Il y a bien eu une ingérence russe dans la campagne présidentielle
Les 448 pages du rapport de Robert Mueller mettent à jour des tentatives russes d'influer sur la campagne présidentielle américaine de 2016. Un bureau basé à Saint-Pétersbourg, l'Internet Research Agency (IRA), s'est employé à dénigrer la campagne de la candidate démocrate Hillary Clinton, notoirement opposée à Vladimir Poutine. Selon Le Monde, c'est depuis la Russie que l'IRA a acheté des publicités et organisé des événements politiques aux Etats-Unis. S'en est suivi une campagne intensive à l'encontre d'Hillary Clinton sur les réseaux sociaux, favorisant Donald Trump.

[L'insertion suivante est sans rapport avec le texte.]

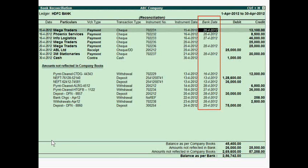After this, Tally will identify which transactions have been passed by the accountant and which transactions have been passed by your bank's accountant. Both the balance as per the cash book and the balance as per the bank statement will be shown. Amounts not reflected in the company books will also be highlighted.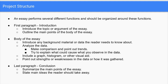Then you'll have the body of your essay. First, you'll want to introduce any background material or data that the reader needs to know about. After you've done that, you can analyze the data, make comparisons or point out trends, and try to explain what causes what you observe in the data. This is also where you would probably include any graphs, histograms, or other visual aids.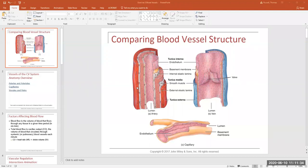All right, can everybody see that little PowerPoint I put together? So what we're going to do — it's a fairly short PowerPoint, but it has a lot of physiology information in it that is important.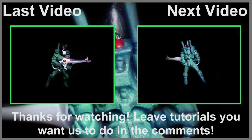Thanks for watching this video. Leave tutorials and suggestions you want us to do in the comments below. If you want more content you can visit our website at NeonsBattle.com. Thanks for watching.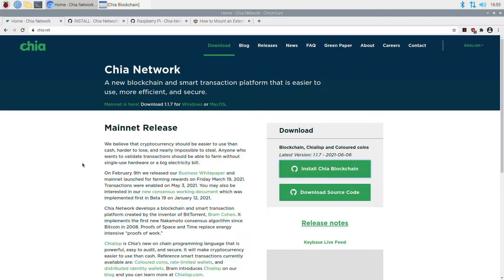Hey guys, welcome. Today I'm going to be going over the full setup and installation of the Chia network blockchain on a Raspberry Pi 4. I'm going to be using it for mining, plotting, and farming, but also using a Windows PC in some stages. This is going to be a pretty straightforward installation with some tweaks for when things don't work — I've had issues, so I'll show you those. Also, one webpage freaks out a little in one section — it's not my recording going wrong, it just twitches when I scroll to it, so I'll quickly scroll past that.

"Les employés de l’IRA se faisaient passer pour des personnes ou des entités américaines locales et ont noué des contacts avec des partisans de Trump et des membres de son équipe de campagne", stipule ainsi le rapport, sans pouvoir pour autant "[identifier] de preuve" établissant une coordination entre des citoyens américains et l'IRA.
Le rapport du procureur spécial s'attarde longuement sur le piratage des messageries électroniques du parti démocrate et de proches de sa candidate. Les attaques sont venues de hackers russes liés au service du renseignement militaire du Kremlin, le GRU. Les Russes ont ensuite diffusé les informations interceptées sur internet, notamment sur Wikileaks durant l'été.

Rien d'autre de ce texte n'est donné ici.